▶ Problem details: From the entries below, transcribe exactly the lines between the line holding "vr app diabetes verschluss vr" and the line holding "脾胃不和,钙吸收不足引起的四方颅", inclusive; skip all other lines.

▶ Data excerpts:
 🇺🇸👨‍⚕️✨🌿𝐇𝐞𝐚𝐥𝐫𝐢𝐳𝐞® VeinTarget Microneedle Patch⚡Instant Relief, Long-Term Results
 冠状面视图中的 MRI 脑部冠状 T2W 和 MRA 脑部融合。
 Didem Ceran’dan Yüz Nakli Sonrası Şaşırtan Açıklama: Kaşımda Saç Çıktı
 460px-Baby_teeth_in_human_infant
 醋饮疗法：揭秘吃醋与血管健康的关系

--

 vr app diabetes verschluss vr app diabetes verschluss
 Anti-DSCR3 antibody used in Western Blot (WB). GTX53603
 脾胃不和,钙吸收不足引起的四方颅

* * *

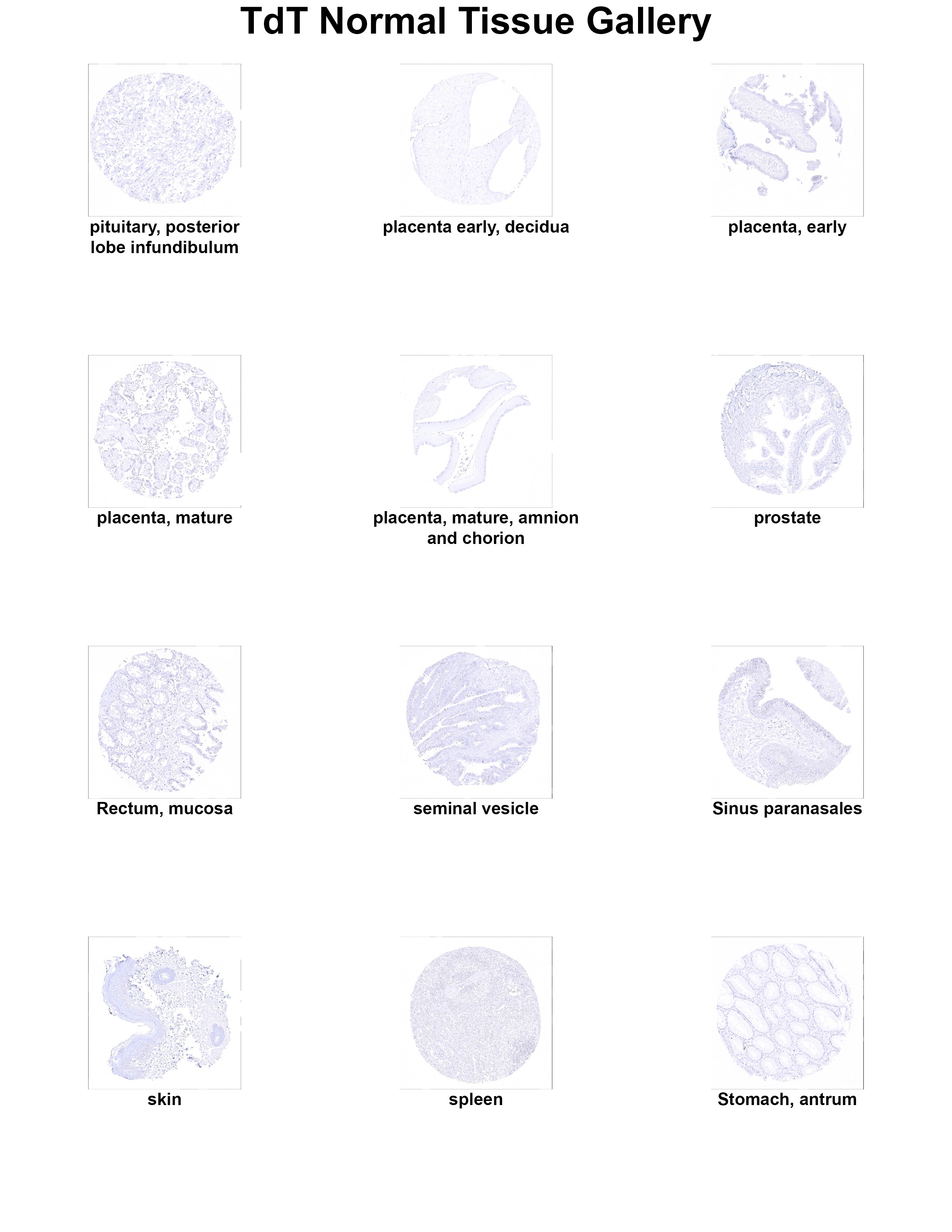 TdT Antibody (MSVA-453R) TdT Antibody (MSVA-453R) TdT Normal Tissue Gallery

▶ Output below:
 vr app diabetes verschluss vr app diabetes verschluss
 Anti-DSCR3 antibody used in Western Blot (WB). GTX53603
 脾胃不和,钙吸收不足引起的四方颅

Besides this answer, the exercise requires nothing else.